そんなことがあって、これはちょっと直接手がけた方が、ヒヤヒヤしなくてすむんじゃないかと考えたわけだ。そんなわけで、新作高校演劇トライアルとなった。参加者は主に演劇部の高校生を募集することにした。
で、公募して参加者を集めると同時に、集まらなかったときのために、直接声をかけたりもして、転ばぬ先の杖をついておく。
そんなこんなでようやく稽古が始まった。参加者は公募できてくれた子が2人、事前に声をかけていた子が1人、計3人、みんな女の子であった。
当初台本は、男子1名が想定されていたのだが、それを女子に書き直してもらう。第1稿は夏くらいには上がっていて、いろいろとアドバイスをして書き直してもらっていた。
そんなわけで、週3回の稽古は女子高生と一緒なのである。
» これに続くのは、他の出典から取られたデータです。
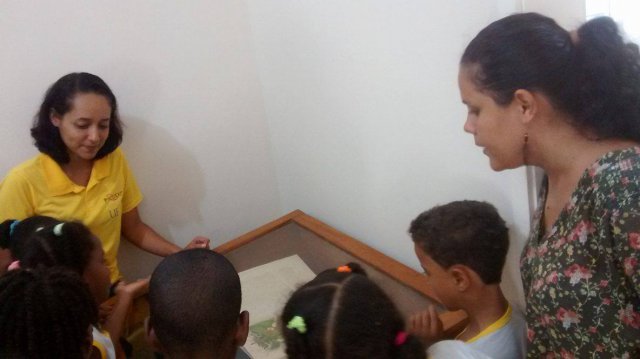 Visita guiada com os alunos do 2º ano da Escola Joaquim de Medeiros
これがまた、わりとみんなハキハキした子で、オレのようなおじさんと話すときも、物怖じしないし、だからといって礼儀知らずなわけでもない。とはいえ、さすがに世代のギャップ的なものはあって、いや、世代のギャップなのかどうなのかわからないけれど、なんかいろいろ新鮮なのである。
すでに我が子よりも年下の子たちなわけで、そりゃ新鮮だろうけど、なんというか、違う世界の生き物のようである。
ナレーションのお仕事でお世話になってる、サウンドブレーンの斎藤さんから「音の絵本作りたいんだよ」という話は、ずいぶん前から聞いていた。単なる読み聞かせではなく、効果音を入れたり、複数のキャストで読んだりと、ちょいと手の込んだ音素材を作って、幼稚園とか保育園、視覚支援学校などで活用してもらえたら良いなぁ、という企画である。
関係者は手弁当。でまあ、オレの役割としては、企画書書いたり、音の絵本の導入部分のシナリオを書いたりというところ。
第1回目の作品は「かみさまにあう」作/森川沙紀。この森川さんは、地域おこし協力隊で、花巻に滞在していた頃に、早池峰神楽に出合い、その魅力を絵本にしたい! と思っただけでなく、実際に作ってしまった大した人である。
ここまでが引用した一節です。